Pull every line with "Black" from the material.

> **Provided material**
=== Section Start ===

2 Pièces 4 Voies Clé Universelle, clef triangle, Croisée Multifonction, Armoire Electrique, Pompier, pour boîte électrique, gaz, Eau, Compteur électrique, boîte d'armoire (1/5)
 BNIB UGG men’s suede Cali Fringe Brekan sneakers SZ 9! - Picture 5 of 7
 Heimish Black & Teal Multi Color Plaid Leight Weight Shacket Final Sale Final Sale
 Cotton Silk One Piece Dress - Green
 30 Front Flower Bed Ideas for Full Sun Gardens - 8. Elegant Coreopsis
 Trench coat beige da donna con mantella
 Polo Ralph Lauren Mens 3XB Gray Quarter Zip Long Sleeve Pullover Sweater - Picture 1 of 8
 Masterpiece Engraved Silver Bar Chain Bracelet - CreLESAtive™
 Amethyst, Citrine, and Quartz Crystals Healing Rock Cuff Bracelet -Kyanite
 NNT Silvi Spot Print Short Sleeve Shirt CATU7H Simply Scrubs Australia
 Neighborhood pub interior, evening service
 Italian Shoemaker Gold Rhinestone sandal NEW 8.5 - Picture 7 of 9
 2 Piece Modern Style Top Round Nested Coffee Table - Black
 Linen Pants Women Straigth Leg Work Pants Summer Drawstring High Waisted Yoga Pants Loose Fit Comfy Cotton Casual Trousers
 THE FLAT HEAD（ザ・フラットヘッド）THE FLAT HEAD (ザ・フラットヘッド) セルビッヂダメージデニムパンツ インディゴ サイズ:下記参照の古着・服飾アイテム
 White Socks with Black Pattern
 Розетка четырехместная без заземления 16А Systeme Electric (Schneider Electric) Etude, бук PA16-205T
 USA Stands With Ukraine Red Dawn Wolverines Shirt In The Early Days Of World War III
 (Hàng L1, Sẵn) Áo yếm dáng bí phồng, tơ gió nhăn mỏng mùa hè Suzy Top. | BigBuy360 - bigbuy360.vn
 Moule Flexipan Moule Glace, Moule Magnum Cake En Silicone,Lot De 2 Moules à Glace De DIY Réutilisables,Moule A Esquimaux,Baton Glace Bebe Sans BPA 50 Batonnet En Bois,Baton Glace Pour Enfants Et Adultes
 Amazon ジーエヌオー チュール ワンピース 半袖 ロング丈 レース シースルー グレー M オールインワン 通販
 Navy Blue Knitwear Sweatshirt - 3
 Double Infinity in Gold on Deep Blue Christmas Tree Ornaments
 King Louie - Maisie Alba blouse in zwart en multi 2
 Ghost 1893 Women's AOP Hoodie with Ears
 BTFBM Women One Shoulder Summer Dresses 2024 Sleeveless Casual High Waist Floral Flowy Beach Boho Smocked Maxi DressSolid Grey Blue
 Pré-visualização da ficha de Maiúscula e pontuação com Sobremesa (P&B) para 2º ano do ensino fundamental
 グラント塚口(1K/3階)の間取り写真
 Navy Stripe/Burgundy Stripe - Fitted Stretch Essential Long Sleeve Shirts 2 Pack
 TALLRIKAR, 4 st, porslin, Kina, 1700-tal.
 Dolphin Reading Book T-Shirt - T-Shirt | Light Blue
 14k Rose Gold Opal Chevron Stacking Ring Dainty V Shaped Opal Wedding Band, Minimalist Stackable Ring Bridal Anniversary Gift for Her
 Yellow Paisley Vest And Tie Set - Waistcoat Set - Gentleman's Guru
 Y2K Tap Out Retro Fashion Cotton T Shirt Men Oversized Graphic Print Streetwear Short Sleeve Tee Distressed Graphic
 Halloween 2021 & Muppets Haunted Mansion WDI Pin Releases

=== Section End ===

> **Response below**
 Heimish Black & Teal Multi Color Plaid Leight Weight Shacket Final Sale Final Sale
 2 Piece Modern Style Top Round Nested Coffee Table - Black
 White Socks with Black Pattern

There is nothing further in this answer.